- Input data:
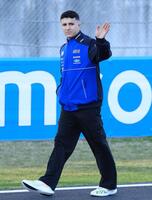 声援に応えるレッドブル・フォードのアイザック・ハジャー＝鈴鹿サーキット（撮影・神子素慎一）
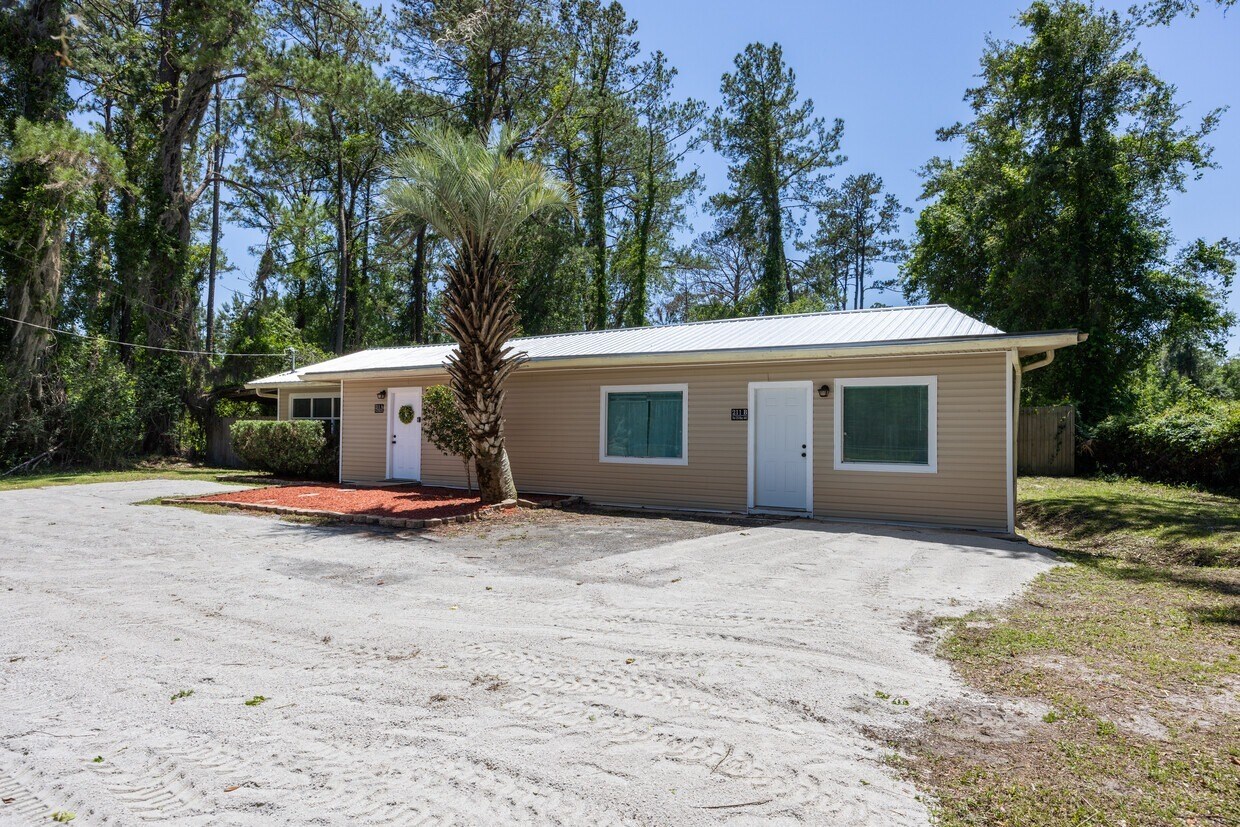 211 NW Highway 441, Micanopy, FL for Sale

==

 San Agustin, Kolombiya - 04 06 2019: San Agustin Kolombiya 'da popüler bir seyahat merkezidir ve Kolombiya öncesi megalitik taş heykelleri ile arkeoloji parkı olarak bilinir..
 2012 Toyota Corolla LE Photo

- Work request: To complete this exercise, transcribe exactly the lines above from the one that holds "声援に応えるレッドブル・フォ" through the one that holds "211 NW Highway 441, Micanopy, FL for Sale". Pictures stay out.

- Task output:
 声援に応えるレッドブル・フォードのアイザック・ハジャー＝鈴鹿サーキット（撮影・神子素慎一）
 211 NW Highway 441, Micanopy, FL for Sale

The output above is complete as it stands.